IT was once the home of the self-styled “wickedest man in the world” who scandalised British society in the early 20th Century.

He is said to have carried out experiments with sex, drugs and the occult at the house, which was later bought by a rock guitar legend who was intrigued by its checkered history.

The current owners of Boleskin House, once owned by notorious occultist Aleister Crowley, hope to rebuild the gutted mansion after a fire devastated it last July by selling its charred remains.

The house, which overlooks Loch Ness, was bought by Keith and Kyra Readdy last summer and two days later it went up in flames; they had no insurance.

It was built in 1760 as a home for members of the Fraser family, the inspiration for time-travelling saga, Outlander.

The building is said to lie on the site of a 13th-Century church that was destroyed with its congregation locked inside. Crowley bought it from a descendant of the Fraser clan in 1899.

After a fire ripped through the remains of the mansion last July – the second blaze to gut the property after a 2015 fire – the Readdys are hoping to raise enough money to continue with renovations to the pile they hope will one day be open to the public and operated as a guest house and spiritual retreat.

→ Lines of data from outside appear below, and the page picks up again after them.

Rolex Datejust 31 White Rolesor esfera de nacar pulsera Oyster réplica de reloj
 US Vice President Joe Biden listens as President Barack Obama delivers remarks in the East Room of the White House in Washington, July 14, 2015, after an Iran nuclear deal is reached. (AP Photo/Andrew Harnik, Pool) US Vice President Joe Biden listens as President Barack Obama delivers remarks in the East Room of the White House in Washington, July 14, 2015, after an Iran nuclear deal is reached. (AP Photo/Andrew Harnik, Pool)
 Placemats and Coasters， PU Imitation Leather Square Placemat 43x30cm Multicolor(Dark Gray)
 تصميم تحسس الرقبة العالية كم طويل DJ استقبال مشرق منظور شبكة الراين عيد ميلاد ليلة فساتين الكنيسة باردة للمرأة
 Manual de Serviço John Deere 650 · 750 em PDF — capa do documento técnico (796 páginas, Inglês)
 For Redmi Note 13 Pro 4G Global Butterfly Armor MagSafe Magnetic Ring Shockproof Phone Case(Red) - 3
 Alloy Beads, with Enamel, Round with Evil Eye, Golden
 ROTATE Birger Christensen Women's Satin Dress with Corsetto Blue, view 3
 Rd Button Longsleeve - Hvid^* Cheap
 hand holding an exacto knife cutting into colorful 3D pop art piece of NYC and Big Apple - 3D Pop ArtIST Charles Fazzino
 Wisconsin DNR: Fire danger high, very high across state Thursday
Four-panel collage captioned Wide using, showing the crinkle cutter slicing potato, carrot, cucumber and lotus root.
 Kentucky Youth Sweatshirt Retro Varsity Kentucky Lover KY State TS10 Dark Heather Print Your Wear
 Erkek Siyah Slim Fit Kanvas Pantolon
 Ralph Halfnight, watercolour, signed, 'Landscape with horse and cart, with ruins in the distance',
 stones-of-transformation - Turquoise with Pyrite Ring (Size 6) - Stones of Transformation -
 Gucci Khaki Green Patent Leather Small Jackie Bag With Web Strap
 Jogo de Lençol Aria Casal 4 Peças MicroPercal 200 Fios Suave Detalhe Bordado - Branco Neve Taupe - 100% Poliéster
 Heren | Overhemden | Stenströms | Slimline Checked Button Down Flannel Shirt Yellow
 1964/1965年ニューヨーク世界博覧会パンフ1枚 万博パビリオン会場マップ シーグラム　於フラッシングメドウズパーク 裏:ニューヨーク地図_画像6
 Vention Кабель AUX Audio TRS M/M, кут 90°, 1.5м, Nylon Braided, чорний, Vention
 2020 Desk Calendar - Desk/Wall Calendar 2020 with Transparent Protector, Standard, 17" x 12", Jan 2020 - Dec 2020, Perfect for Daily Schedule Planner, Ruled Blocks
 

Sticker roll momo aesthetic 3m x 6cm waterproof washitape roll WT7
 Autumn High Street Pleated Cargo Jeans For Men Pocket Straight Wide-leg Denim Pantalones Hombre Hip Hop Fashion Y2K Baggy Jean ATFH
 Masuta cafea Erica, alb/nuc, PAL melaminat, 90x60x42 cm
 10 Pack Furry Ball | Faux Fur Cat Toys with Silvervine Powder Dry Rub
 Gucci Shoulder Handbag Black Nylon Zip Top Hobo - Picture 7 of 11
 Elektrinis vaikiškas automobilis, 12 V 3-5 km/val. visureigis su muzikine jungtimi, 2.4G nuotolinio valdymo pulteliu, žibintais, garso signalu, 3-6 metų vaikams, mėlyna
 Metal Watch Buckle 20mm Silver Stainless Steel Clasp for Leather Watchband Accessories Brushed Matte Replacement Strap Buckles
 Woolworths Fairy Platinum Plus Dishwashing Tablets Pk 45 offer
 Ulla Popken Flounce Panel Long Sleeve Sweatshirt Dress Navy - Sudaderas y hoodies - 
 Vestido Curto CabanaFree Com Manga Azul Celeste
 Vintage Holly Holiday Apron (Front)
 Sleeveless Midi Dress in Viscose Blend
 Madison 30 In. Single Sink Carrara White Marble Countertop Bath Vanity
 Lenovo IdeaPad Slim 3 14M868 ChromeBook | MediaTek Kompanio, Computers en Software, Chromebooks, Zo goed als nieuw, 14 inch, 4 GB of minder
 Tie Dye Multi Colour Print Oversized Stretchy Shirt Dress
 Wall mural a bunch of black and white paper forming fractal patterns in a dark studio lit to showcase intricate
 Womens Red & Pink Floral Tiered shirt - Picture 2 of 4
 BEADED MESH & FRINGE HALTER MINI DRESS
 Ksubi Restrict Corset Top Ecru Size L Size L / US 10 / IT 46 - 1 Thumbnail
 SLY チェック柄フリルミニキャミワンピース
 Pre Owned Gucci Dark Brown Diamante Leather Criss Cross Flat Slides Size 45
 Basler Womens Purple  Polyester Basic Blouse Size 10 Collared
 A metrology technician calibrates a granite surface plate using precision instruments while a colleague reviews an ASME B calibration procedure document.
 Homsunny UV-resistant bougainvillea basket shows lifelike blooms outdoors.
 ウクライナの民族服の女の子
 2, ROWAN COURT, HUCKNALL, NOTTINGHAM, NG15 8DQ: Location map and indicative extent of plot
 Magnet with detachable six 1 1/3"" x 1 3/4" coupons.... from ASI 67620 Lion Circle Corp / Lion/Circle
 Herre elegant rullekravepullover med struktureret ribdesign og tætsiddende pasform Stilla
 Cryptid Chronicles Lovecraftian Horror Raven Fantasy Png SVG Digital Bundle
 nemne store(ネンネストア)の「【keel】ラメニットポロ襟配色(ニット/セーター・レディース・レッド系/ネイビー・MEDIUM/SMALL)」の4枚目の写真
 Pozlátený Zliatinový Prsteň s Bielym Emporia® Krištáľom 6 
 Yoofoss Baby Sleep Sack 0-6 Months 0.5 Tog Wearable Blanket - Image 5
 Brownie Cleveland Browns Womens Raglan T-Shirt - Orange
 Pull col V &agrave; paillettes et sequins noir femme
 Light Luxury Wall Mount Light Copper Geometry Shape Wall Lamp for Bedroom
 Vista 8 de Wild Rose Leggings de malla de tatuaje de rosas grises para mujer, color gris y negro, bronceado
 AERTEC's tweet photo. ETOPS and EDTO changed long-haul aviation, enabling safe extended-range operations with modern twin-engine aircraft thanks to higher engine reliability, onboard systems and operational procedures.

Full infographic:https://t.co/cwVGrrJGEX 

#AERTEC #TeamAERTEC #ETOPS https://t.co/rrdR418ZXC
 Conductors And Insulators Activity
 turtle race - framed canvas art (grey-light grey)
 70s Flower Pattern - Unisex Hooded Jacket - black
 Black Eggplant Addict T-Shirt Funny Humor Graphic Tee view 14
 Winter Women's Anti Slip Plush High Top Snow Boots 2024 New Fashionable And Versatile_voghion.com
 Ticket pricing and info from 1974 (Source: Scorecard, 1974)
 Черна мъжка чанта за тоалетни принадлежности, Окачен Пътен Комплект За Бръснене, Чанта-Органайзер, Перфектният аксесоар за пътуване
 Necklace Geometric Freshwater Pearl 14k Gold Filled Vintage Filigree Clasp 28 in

The new owners have established a charitable trust, the Boleskine House Foundation, and are selling salvaged stones and bags of remains to help towards the cost of renovations they estimate at around £700,000.

The £49 eBay lot description states: “You are purchasing one original stone of up to 400g and one bag of charred remains from the fire on 31 July, 2019, from Boleskine House.”

The package comes with a certificate of authenticity, with the promise that all proceeds will be used for the restoration of Boleskine House.

A crowdfunding campaign was started last year and has so far generated more than £22,500 of the £220,000 target for donations.

The couple hope fans of the TV phenomenon penned by Diane Gabaldon and starring Scottish actor Sam Heughan as Jamie Fraser will stump up cash to help with the rebuild.

Led Zeppelin founder and guitarist Jimmy Page bought the “most notorious home in the Highlands” in the 1970s and owned it for around 20 years. He was said to have followed in Crowley’s footsteps by practicing black magic on the estate.

Crowley bought the B-listed Georgian building when he was just 25 and lived there until 1913. He boasted to have turned the property into “a centre of black magic, evil and sorcery”.

He conducted black magic rituals and offered animal sacrifices to satan and was said to have taken pleasure in the suffering of local people. One episode involved an employee of the estate getting drunk, after 20 years’ abstinence, and attempting to kill his wife and children. His lodge keeper suffered the loss of a 10-year-old daughter, while a year later his 15-month-old son died.

Ill-fortune seemed to continue to haunt Boleskine even after Crowley’s departure. It was reported in 1960 the then owner, Major Edward Grant, shot himself in the room Crowley once used for his satanic rituals.

However, Page, who bought the property in 1970, said in a 1975 interview: “Strange things have happened in that house which have nothing to do with Crowley. The bad vibes were already there.”

The rock legend claimed that the head of an executed man, thought to be Lord Lovat who fought with the English during the 1745 uprising, could be heard rolling around the floor. The house also featured in the Led Zeppelin documentary, The Song Remains The Same.

Page’s childhood friend, Malcolm Dent, worked as the caretaker for Boleskine before the musician sold up in the 1990s after rarely staying there.

He once claimed that “curious” events occurred at the house, saying: “Doors would be slamming all night. You’d go into a room and carpets and rugs would be piled up.”

The property was sold to Annette MacGillivray and her husband who lived there happily for 10 years before it was acquired in 2002 by Dutch owners.

Mrs Readdy told reporters in July that people were calling for the house to be razed, saying it was “a den of iniquity”.

“We have read so many lurid details,” she said. “It is an architecturally significant building no matter who has owned it. Boleskine has such a big draw, whether people are fans of Crowley or rock ’n’ roll.

“The Boleskine estate is a treasure of heritage and history that must be secured for future generations. I believe it can stand as a landmark for culture, research and well-being that all can benefit from.”